YOUR TASK
Copy the lines below as they are; omit the images they contain.

INFORMATION SUPPLIED
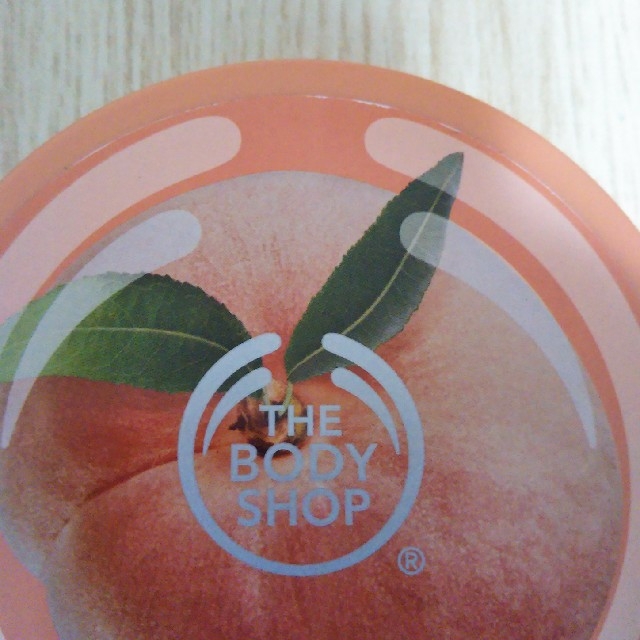 THE BODY SHOP(ザボディショップ)のボディショップ　ボディバターヴィンヤードピーチ（ボディクリーム） コスメ/美容のボディケア(ボディクリーム)の商品写真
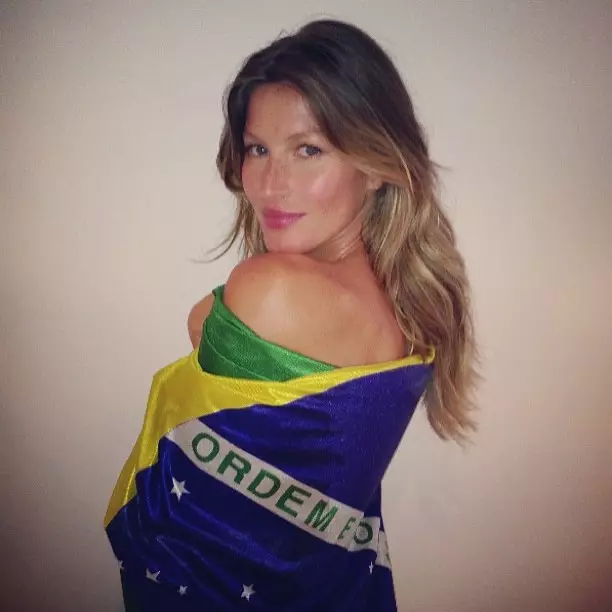 Gisele a brazil büszkeségét ünnepelte, miközben országa zászlaját viselte. Fotó az Instagramon keresztül.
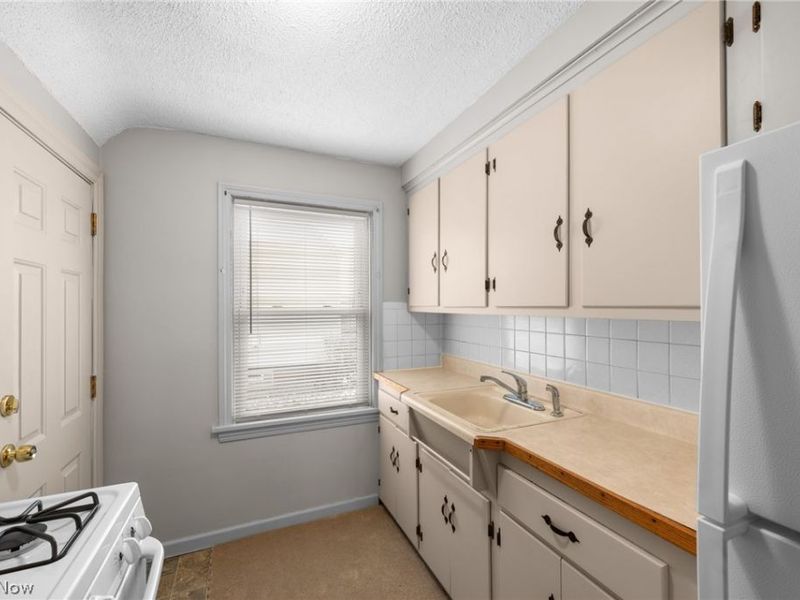 942 E 236th Street, Euclid, OH 44123 Photo 8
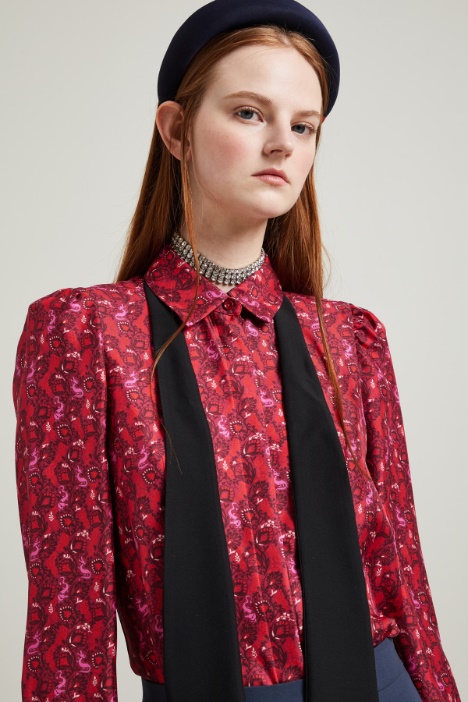 Camisa de seda con pajarita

SOLUTION FOR THIS PROBLEM
 THE BODY SHOP(ザボディショップ)のボディショップ　ボディバターヴィンヤードピーチ（ボディクリーム） コスメ/美容のボディケア(ボディクリーム)の商品写真
 Gisele a brazil büszkeségét ünnepelte, miközben országa zászlaját viselte. Fotó az Instagramon keresztül.
 942 E 236th Street, Euclid, OH 44123 Photo 8
 Camisa de seda con pajarita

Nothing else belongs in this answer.